| # Models | |
| Common modelzoo such as huggingface/transformers stuggles when using Pytorch native model parallelism. Following the design principle of vLLM, we keep a simple, parallelizable, highly-optimized with packed inputs in verl. | |
| ## Adding a New Huggingface Model | |
| ### Step 1: Copy the model file from HF to verl | |
| - Add a new file under verl/models/hf | |
| - Copy ONLY the model file from huggingface/transformers/models to verl/models/hf | |
| ### Step 2: Modify the model file to use packed inputs | |
| - Remove all the code related to inference (kv cache) | |
| - Modify the inputs to include only | |
| - input_ids (total_nnz,) | |
| - cu_seqlens (total_nnz + 1,) | |
| - max_seqlen_in_batch: int | |
| - Note that this requires using flash attention with causal mask. | |
| ### Step 2.5: Add tests | |
| - Add a test to compare this version and the huggingface version | |
| - Following the infrastructure and add tests to tests/models/hf | |
| ### Step 3: Add a function to apply tensor parallelism | |
| - Please follow | |
| - https://pytorch.org/docs/stable/distributed.tensor.parallel.html | |
| - https://pytorch.org/tutorials/intermediate/TP_tutorial.html | |
| - General comments | |
| - Tensor Parallelism in native Pytorch is NOT auto-parallelism. The way it works is to specify how model parameters and input/output reshards using configs.
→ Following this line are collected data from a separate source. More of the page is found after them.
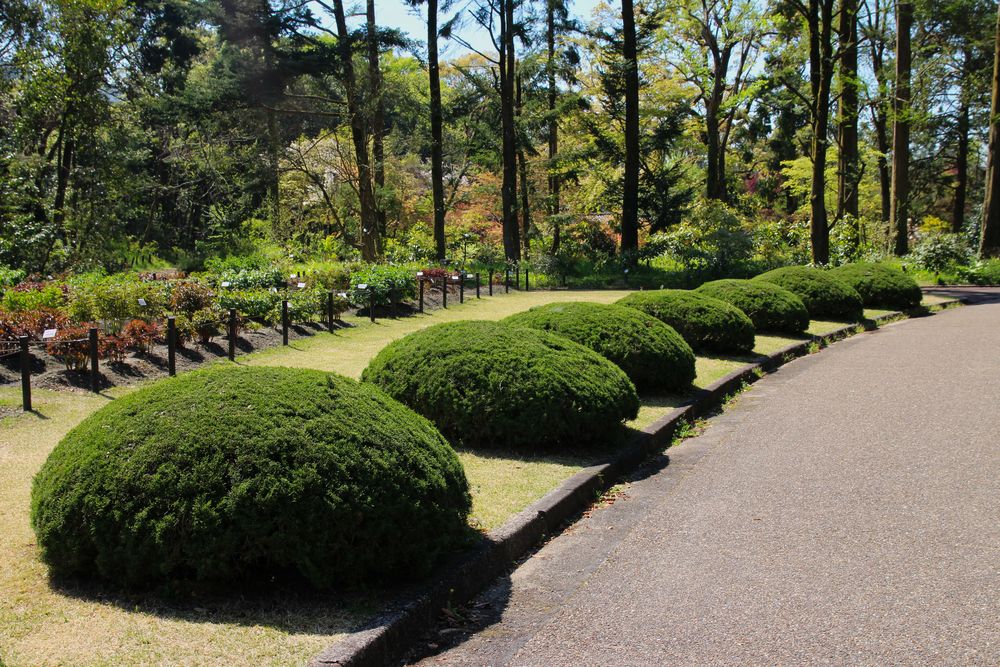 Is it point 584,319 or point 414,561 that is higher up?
point 584,319

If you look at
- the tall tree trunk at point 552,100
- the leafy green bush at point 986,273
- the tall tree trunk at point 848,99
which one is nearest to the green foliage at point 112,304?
the tall tree trunk at point 848,99

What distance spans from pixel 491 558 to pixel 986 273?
2665 centimetres

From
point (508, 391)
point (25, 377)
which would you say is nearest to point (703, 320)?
point (508, 391)

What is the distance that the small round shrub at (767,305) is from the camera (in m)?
14.3

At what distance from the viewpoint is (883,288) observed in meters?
19.3

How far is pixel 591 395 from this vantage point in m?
6.70

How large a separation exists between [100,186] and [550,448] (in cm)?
2305

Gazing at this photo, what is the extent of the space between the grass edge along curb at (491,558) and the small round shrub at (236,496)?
202 mm

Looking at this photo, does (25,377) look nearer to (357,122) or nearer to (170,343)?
(170,343)

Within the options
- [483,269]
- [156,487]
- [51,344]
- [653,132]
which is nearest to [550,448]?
[156,487]

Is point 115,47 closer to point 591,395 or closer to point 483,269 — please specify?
point 483,269

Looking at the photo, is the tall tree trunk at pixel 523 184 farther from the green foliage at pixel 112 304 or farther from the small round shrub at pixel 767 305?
the green foliage at pixel 112 304

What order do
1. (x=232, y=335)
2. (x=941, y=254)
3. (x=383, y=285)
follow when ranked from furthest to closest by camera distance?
1. (x=941, y=254)
2. (x=383, y=285)
3. (x=232, y=335)

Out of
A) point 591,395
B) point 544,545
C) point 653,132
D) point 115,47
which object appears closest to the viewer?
point 544,545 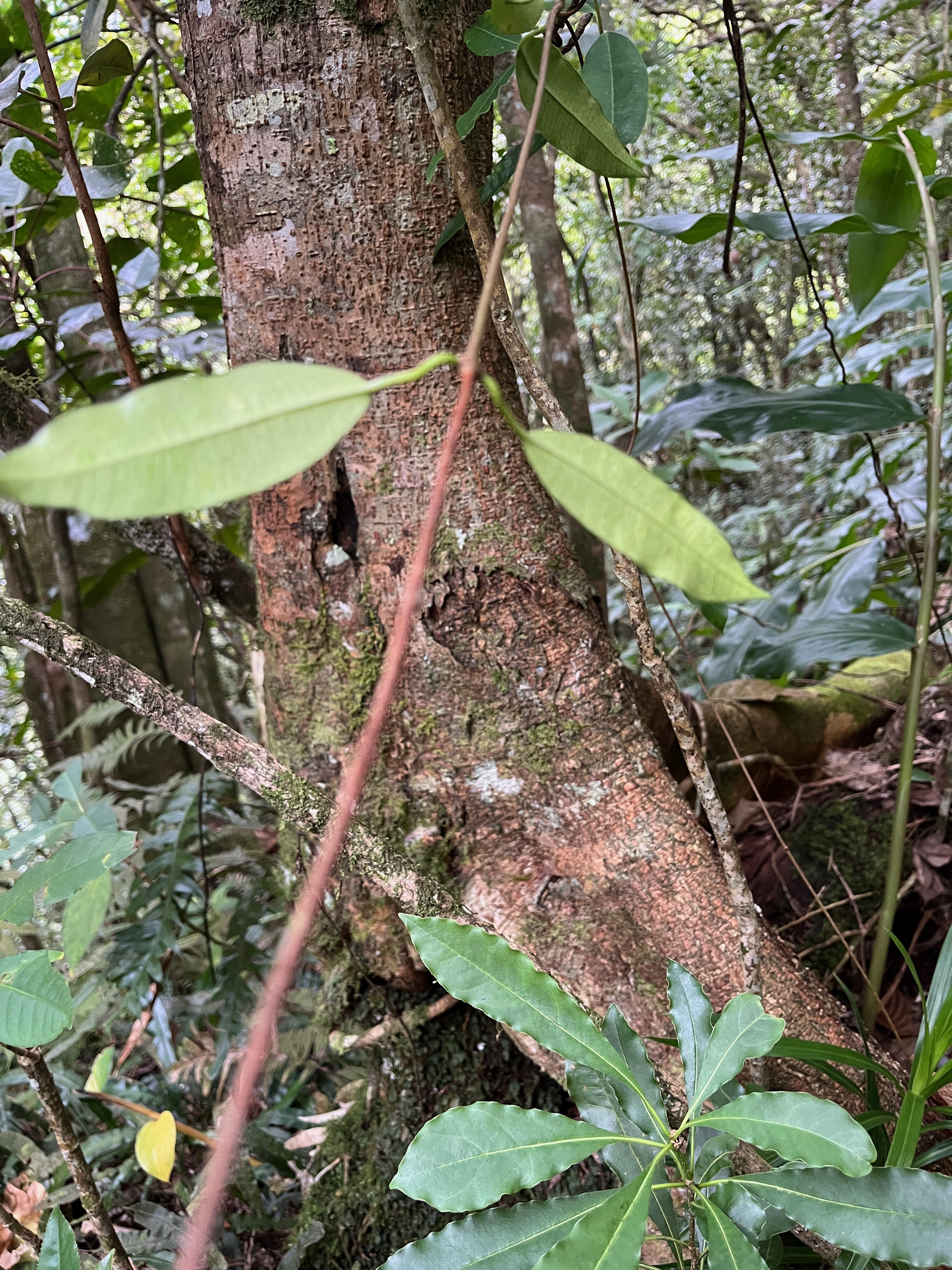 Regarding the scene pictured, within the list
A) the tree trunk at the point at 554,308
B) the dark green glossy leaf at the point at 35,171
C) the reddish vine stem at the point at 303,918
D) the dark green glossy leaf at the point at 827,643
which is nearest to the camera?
the reddish vine stem at the point at 303,918

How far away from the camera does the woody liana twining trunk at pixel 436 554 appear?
0.84m

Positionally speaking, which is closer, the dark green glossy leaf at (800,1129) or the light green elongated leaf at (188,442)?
the light green elongated leaf at (188,442)

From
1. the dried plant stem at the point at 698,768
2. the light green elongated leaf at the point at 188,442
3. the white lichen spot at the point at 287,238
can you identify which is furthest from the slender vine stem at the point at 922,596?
the light green elongated leaf at the point at 188,442

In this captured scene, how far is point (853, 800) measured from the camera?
1.52 metres

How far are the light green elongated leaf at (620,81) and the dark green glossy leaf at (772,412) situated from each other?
51cm

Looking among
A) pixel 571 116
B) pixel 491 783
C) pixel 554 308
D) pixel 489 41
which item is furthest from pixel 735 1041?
pixel 554 308

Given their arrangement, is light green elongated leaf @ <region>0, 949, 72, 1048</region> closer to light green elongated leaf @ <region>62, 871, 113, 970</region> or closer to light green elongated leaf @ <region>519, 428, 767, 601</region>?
light green elongated leaf @ <region>62, 871, 113, 970</region>

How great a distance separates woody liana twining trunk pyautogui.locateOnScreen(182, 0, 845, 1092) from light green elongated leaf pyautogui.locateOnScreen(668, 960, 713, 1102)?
216 millimetres

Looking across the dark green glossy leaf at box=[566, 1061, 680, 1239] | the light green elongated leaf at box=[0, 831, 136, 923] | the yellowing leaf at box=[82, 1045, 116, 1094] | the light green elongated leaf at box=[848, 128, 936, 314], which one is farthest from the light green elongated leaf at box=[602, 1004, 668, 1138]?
the light green elongated leaf at box=[848, 128, 936, 314]

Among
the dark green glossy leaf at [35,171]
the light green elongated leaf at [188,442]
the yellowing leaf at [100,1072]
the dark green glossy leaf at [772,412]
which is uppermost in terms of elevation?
the dark green glossy leaf at [35,171]

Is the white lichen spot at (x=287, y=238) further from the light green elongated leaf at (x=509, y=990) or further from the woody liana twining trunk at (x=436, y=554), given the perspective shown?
the light green elongated leaf at (x=509, y=990)

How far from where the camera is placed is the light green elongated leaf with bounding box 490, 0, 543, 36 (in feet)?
1.86

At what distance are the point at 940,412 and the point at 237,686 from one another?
2294 millimetres

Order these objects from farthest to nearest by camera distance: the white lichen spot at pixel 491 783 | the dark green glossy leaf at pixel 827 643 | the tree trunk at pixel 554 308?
the tree trunk at pixel 554 308 → the dark green glossy leaf at pixel 827 643 → the white lichen spot at pixel 491 783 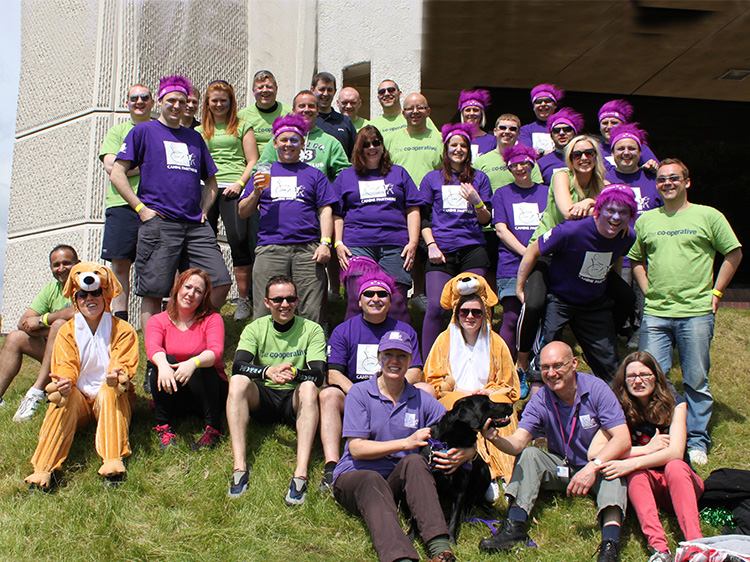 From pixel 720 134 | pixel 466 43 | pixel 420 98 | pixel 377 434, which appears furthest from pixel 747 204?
pixel 377 434

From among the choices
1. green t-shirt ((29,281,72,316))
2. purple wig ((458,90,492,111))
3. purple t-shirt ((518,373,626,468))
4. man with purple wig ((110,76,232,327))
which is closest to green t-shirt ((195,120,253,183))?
man with purple wig ((110,76,232,327))

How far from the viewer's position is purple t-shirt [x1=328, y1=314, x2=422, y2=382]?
177 inches

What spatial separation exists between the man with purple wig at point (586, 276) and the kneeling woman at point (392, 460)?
1468 millimetres

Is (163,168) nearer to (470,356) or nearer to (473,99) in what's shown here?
(470,356)

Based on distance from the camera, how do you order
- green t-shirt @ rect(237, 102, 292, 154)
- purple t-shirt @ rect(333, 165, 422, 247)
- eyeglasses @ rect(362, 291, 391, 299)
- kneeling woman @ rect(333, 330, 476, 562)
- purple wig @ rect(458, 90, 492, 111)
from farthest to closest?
purple wig @ rect(458, 90, 492, 111) → green t-shirt @ rect(237, 102, 292, 154) → purple t-shirt @ rect(333, 165, 422, 247) → eyeglasses @ rect(362, 291, 391, 299) → kneeling woman @ rect(333, 330, 476, 562)

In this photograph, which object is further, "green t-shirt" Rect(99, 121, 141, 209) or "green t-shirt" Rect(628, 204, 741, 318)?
"green t-shirt" Rect(99, 121, 141, 209)

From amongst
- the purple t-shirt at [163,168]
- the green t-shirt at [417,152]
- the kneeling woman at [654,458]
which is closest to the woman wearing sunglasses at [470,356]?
the kneeling woman at [654,458]

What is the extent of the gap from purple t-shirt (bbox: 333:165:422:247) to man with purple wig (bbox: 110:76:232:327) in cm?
115

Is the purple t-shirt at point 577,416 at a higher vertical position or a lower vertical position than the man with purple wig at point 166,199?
lower

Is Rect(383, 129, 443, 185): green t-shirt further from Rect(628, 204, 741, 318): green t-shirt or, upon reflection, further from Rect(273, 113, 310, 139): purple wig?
Rect(628, 204, 741, 318): green t-shirt

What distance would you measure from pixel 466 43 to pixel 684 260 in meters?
6.10

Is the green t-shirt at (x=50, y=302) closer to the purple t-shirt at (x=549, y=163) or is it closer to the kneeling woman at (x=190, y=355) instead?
the kneeling woman at (x=190, y=355)

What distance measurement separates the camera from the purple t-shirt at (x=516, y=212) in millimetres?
5455

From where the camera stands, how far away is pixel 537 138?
21.6ft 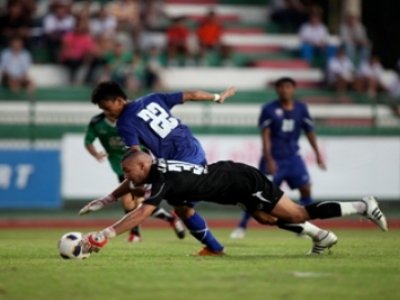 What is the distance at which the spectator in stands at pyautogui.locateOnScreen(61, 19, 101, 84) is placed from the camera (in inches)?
1191

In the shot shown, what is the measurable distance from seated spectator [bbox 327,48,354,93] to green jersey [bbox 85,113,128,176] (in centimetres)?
1396

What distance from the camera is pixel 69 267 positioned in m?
13.0

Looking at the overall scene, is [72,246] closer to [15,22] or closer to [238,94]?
[238,94]

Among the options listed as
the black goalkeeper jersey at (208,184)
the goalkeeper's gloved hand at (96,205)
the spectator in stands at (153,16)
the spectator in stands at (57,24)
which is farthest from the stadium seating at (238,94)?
the black goalkeeper jersey at (208,184)

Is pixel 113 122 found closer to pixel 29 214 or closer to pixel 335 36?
pixel 29 214

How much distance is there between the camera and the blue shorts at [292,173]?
21.0 metres

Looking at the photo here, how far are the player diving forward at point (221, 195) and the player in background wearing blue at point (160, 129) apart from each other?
2.21 ft

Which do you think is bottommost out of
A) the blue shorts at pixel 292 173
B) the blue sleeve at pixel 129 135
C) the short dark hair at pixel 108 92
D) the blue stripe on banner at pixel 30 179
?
the blue stripe on banner at pixel 30 179

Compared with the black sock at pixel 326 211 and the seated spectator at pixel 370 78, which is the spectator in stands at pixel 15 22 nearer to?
the seated spectator at pixel 370 78

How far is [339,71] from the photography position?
106 ft

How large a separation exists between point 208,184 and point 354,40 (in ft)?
69.0

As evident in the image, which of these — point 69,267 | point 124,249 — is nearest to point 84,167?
point 124,249

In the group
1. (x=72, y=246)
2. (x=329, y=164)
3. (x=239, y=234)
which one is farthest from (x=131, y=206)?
(x=329, y=164)

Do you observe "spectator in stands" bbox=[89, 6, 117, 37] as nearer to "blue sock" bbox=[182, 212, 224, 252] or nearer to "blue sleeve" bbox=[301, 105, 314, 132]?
"blue sleeve" bbox=[301, 105, 314, 132]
These configs are then registered as hooks to perform input/output resharding before/after model forward. | |
| ### Step 4: Add a function to apply data parallelism | |
| - Please use FSDP2 APIs | |
| - See demo here https://github.com/pytorch/torchtitan/blob/main/torchtitan/parallelisms/parallelize_llama.py#L413 | |
| ### Step 5: Add a function to apply pipeline parallelism | |
| - Comes in Pytorch 2.4 | |
| - Currently only in alpha in nightly version | |
| - Check torchtitan for more details | |